Thu. Nov 21st, 2024

This Timeless Weapon Will Shield Your Kids from Today’s Perilous Culture

This Father’s Day, Sunday, Roland C. Warren has a message to all dads, whether they are dealing with a transgender issue within their own family or that they suspect their child could be headed in that direction.

“You must know that it all comes down to the Great Commandment Jesus talked about in the Bible,” said Warren, the former President of the National Fatherhood Initiative and now the President and CEO of Care Net, the nation’s largest network of pregnancy resource centers. “And that Great Commandment, found in Mark 12:30-31 is that you shall ‘love the Lord your God with all your heart, and with all your soul, and with all your mind, and with all your strength.’ The second is this: ‘You shall love your neighbor as yourself.'”

But, Warren says, children today can’t possibly love God and love their neighbor if they don’t love themselves. One of the biggest reasons that many youth today are turning to transgenderism is that they do not love themselves. There are many reasons for that, and it all begins in the home and specifically with fathers, whether they are present or absent in the home.

“Basically, transgenderism stems from a rejection of yourself. You don’t love yourself or who you are,” says Warren, who will host a Father’s Day special on the Trinity Broadcast Network this Friday titled “What Good Dads Do” where guests Dr. Tony Evans, former Tennessee Titans wide receiver Chris Sanders, former NFL offensive lineman Ed McGlasson and others will appears as guest and will unpack the things that good dads do to lovingly guide their children in a culture that can be challenging to Christian values.

“Dads must remember that your children are your disciples, and you, as well as them, are called to live out the Great Commandment and to obey it. It’s one of the greatest challenges we have today and it leads to the fulfillment of The Great Commission. Fathers need to teach their children how to love God and love their neighbors, but also to love themselves.

“Often, kids have a hole in their soul in the shape of their dad. They are a wounded soul. And eventually that’s what leads to all of these social ills like transgenderism, teen pregnancy, poverty, etc. This is the why behind the what. It leads to the breakdown of the family.

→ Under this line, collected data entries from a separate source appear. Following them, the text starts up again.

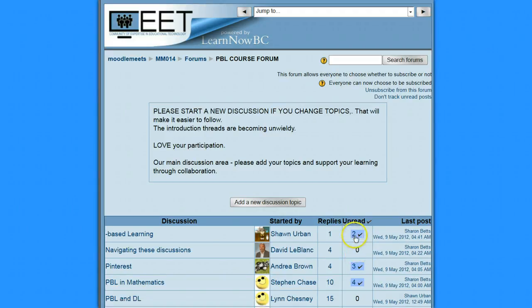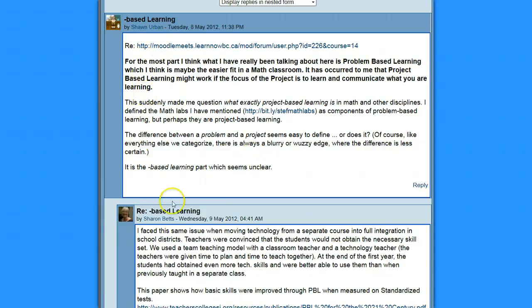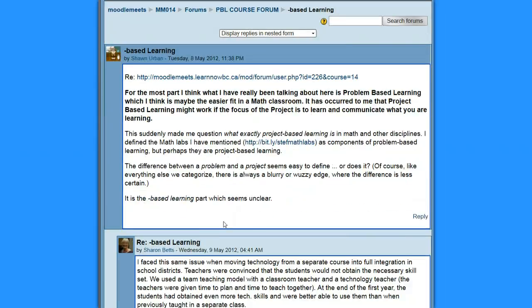Whereas this one is saying there are two unread. If I were to click on that, it takes me right to the message that I haven't read. And I can see that they're highlighted in blue — here are the two that I haven't read.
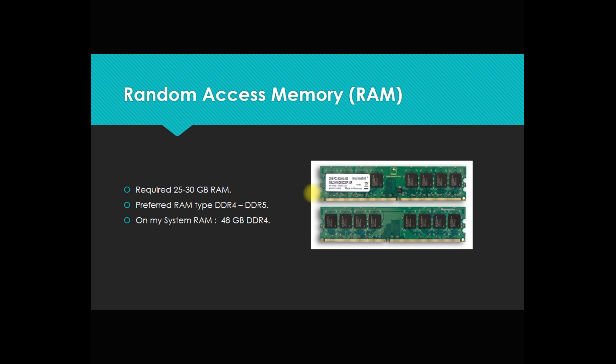After storage, RAM is also a most important component. It's random access memory, so we require that it's appropriate, then only our process will be faster. As per the requirement, we require 25 to 30 GB of RAM.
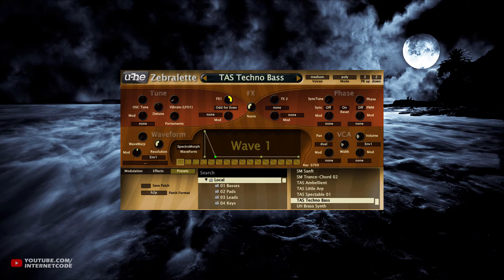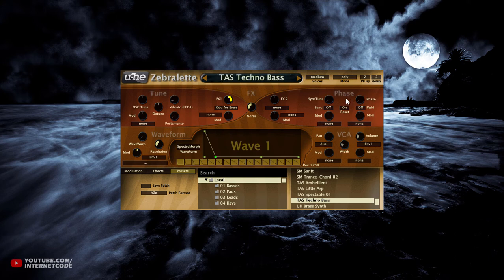Yeah guys, these are the presets and they have tons of them, and you can always stick around and make your own sounds. That's pretty much it — I really hope that you like this plugin. If you use it, let me know if you like it or not in the comments section, and I will see you in the next video. Peace guys, I'm out.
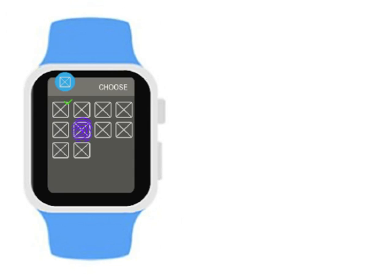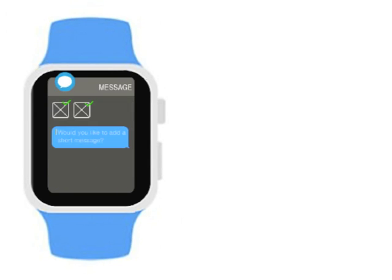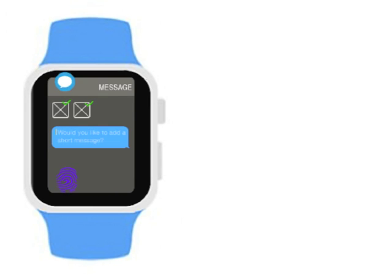Users can send photos and opt to add a small written message or record and send a video and add a verbal message or commentary. This will be received via another watch or smart device.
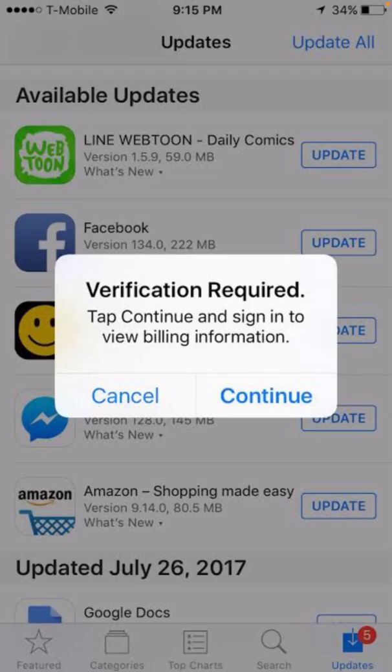Hello everybody, welcome back to this video. Today we're going to talk about how to download or install apps without billing information on your iPhone and iPad — iOS 14 and 15.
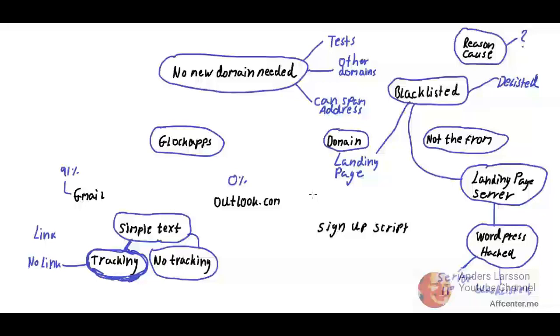I think you understood by now that the strategy that I use is to add more and more components. One of those components is to add a link in the email and send it out. The more components you add, the more likely it will trigger the spam filter. This is the final test that I'm going to do in this video.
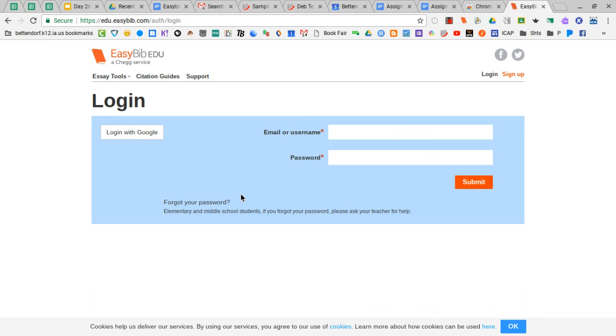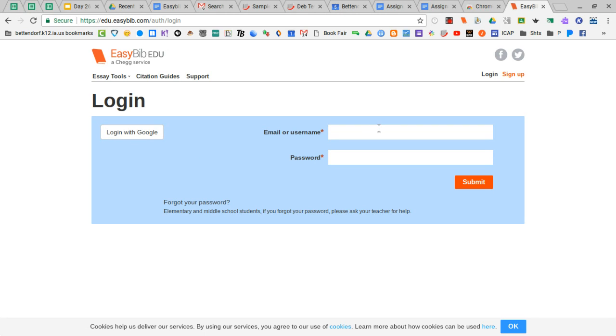And do not click login with Google because actually that's not how we set up these accounts. You're going to have to remember how we set up our EDU account.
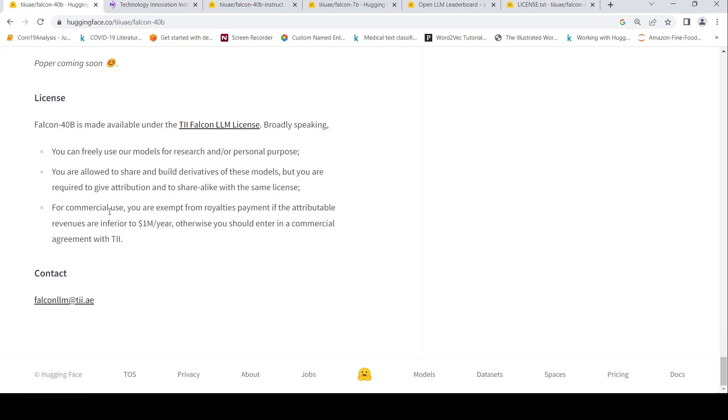So for commercial use, you are exempt from royalties payment if the attribution revenues are inferior to $1 million per year. Otherwise, you should enter into a commercial agreement.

“Our biggest challenge today is love. We’re challenged with it so much in the public square. Any break down in the parenting process is a violation of the greatest commandment, and that’s to love.”

But that love and compassion, Warren says, must be intertwined. Otherwise, it simply won’t work and you could lose your children quickly in a world they believe will embrace them and accept them if they go in a direction contradictory to the Word of God.

“There has to be a balance between compassion and truth,” Warren says. “When you love your kids, you must share the truth, but do it with compassion. Many parents compromise one of those. They will do one and not the other.

“Some say, ‘I’m going to love my kid if they are having a problem with gender identity,’ but they don’t share the truth with their child because they are so afraid that they will offend them and drive them away. The problem there is that you are leaning into compassion but you are not anchoring your teachings with the truth. Compassion is not compassion until you take action, and that’s built upon the truth of God’s Word.

“On the other hand, you can be a truth-teller without compassion, and that’s harsh. Rules without relationship leads to rebellion, and that can lead to all sorts of things, like transgenderism. So, truth without compassion is not loving them. It’s like Jesus when He spoke with the rich young ruler. He loved him, but He also shared the truth with compassion. He did that with the woman at the well. And all of that is reflected in the Great Commandment. Our children are also our neighbors, and the Great Commandment applies to the family first.”

Roland warns fathers that if they are not honorable with the their children, then they cannot expect their children to respect or honor them.

“One of the bad mistakes Saul made was that he was not honorable, and his behavior made it difficult for his children to honor him,” Warren says. “It’s hard to honor a father is not honorable. That’s why it’s up to you to be honorable, and if you are, that will most likely help you steer your children in the right direction—God’s direction.” {eoa}

Shawn A. Akers is the online editor at Charisma Media.